A few days ago, I blogged about the nagging feeling I had that some brands were piggy-backing the virus to get share of mind - in other words, promoting themselves for the benefit of their own bottom line. The response has been mixed, with some of you believing that brands can and should have a voice at this time, and that they do still matter to people. Others seemed to think that this isn’t the time to advertise. your fast food restaurant or fizzy drink, and others are of the opinion that some brands get it right while others are missing the point completely.

Right now, if you’re a producer of canned food, pasta, sauces, frozen goods and a raft of other products, it seems that there is little point in advertising as your products simply aren’t available to most of the public. If there is only brand Z mayo on the supermarket shelf, it doesn’t really matter what you think of Heinz or Hellmann’s, you need mayo and it’s the last jar. How you feel about Tesco’s own tuna versus John West is unimportant if there is none in the shop. We are currently reduced to cold war Russia-style shopping where corner shops are mobbed simply because they have just had an egg delivery. When it gets to raw, basic need, does branding matter?

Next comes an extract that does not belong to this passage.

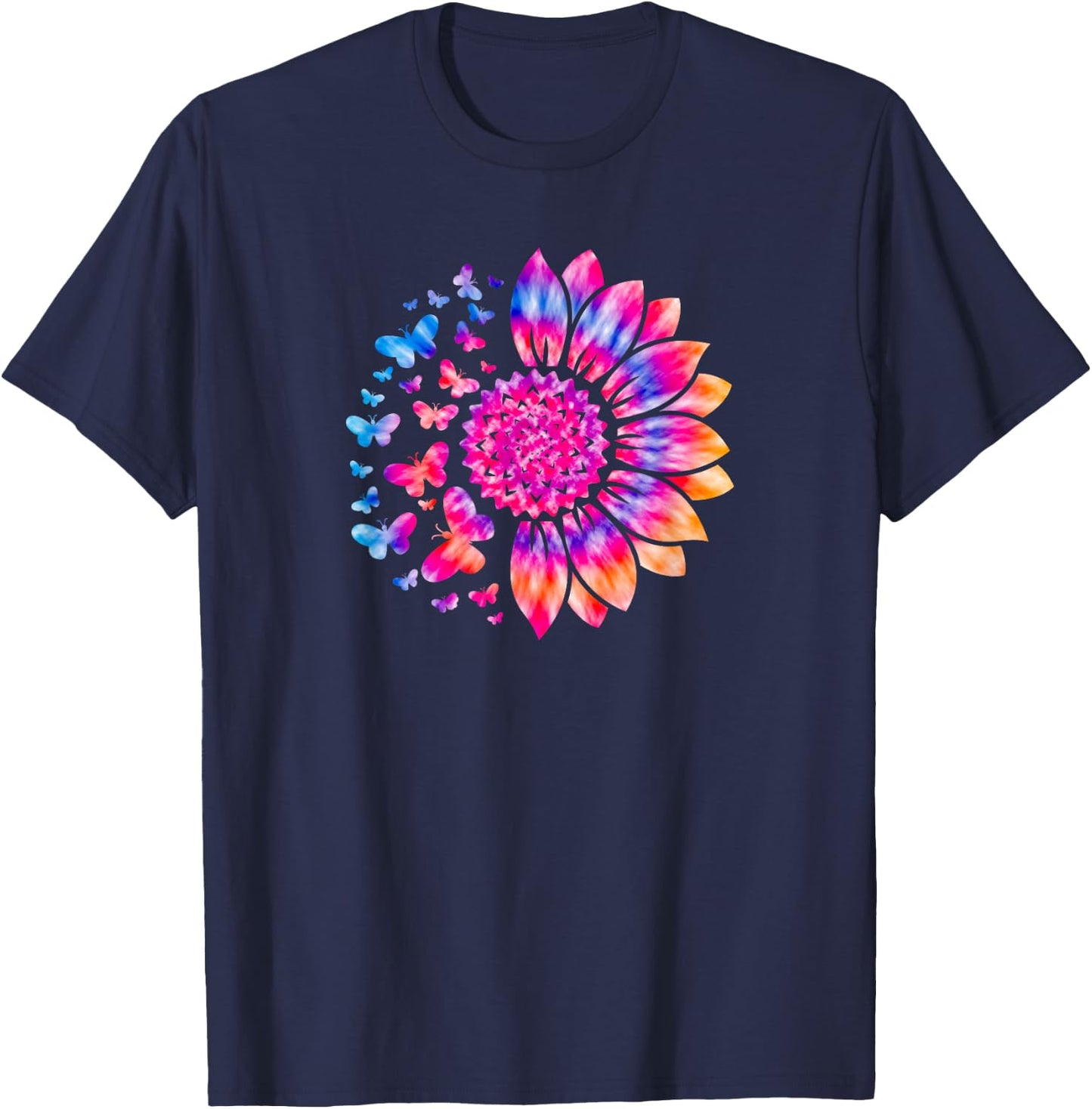 Sunflower Sun Flower Tie Dye Daisy Butterflies Women Girls T-Shirt - T-Shirt | Navy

I’d say yes it does. And it’s not what you might think of branding.

I don’t particularly care about the provenance of your pasta right now, or the bakery that makes your bread, or the farms producing your sausages.

That mattered in the old world.

We are now in a world where we consider ourselves fortunate if we have a choice of one. There is no point going to Waitrose with the ingredients for Ottolenghi meatballs because, once you’ve queued to get into the store, many of the ingredients simply won’t be there.

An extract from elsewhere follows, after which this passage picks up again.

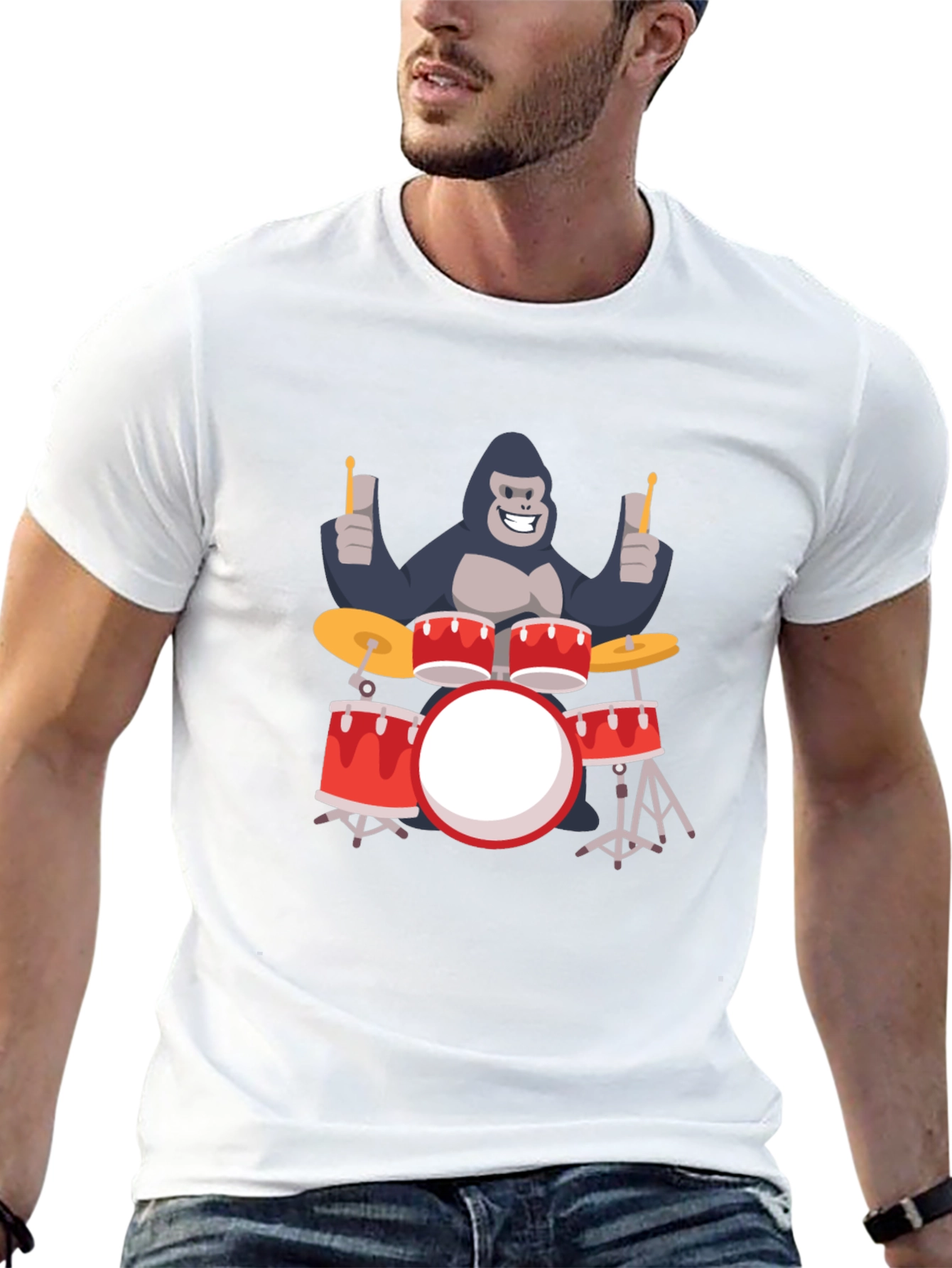 Gorilla Drummer T-Shirt - Black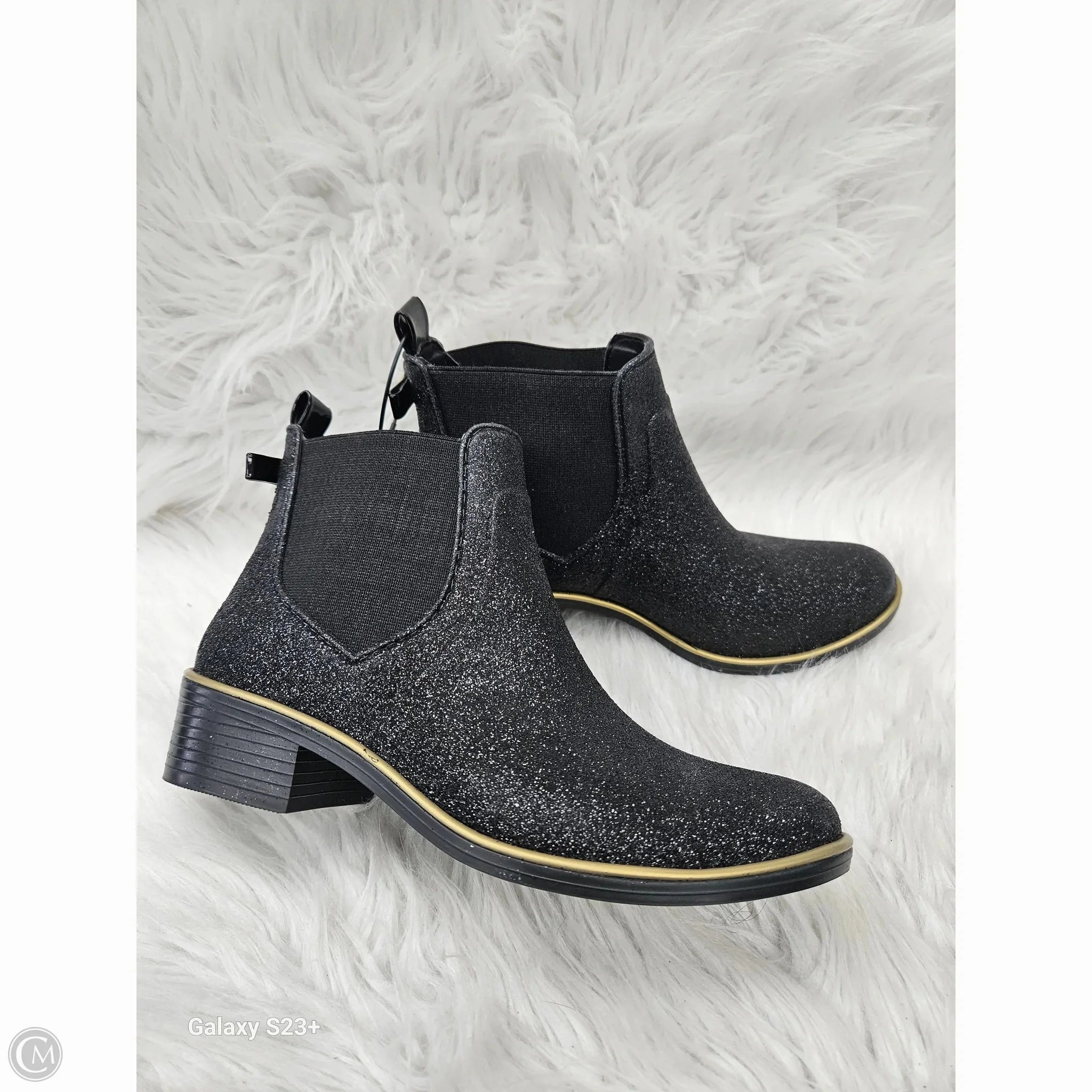 Boots Designer By Kate Spade In Black & Gold, Size: 6 Queen Fit Waterproof Travel Light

I’m not just talking supermarkets and food.

The new behaviour extends to sportswear, banks, car manufacturers, airlines – it involves everyone.

For a few years now, how brands act has risen in importance to consumers – it’s what they do rather than what they say that matters.

As an industry, it has often been difficult to see which brands are genuinely behaving in an enlightened and humane way towards people and the planet, or which are happy to execute a quick publicity stunt for an agency to enter into Cannes for a spot of personal glory. But today, in a time of crisis, everyone is not only looking at how brands behave, history will judge them.

Some banks were fast to offer mortgage holidays. Others dawdled and created huge anxiety for trapped customers with no foreseeable income to pay off their loans.

Iceland were the first supermarket to open an hour early for older and more vulnerable shoppers.

Zara is making face masks.

Louis Vuitton is producing hand sanitizer instead of perfume.

It’s not enough any more to write snappy headlines telling us to stay in.

That’s called being opportunistic.

Cashing in on the virus to talk about yourself.

Actually rolling their sleeves up and helping the world is what we want and expect our brands to do now.

To quote Gladiator, what we do in life echoes in eternity.

Consumers have long memories, and those brands which forget for a moment that they need to sell stuff and who act with humanity and compassion are the ones that will reap the dividends when all this is over.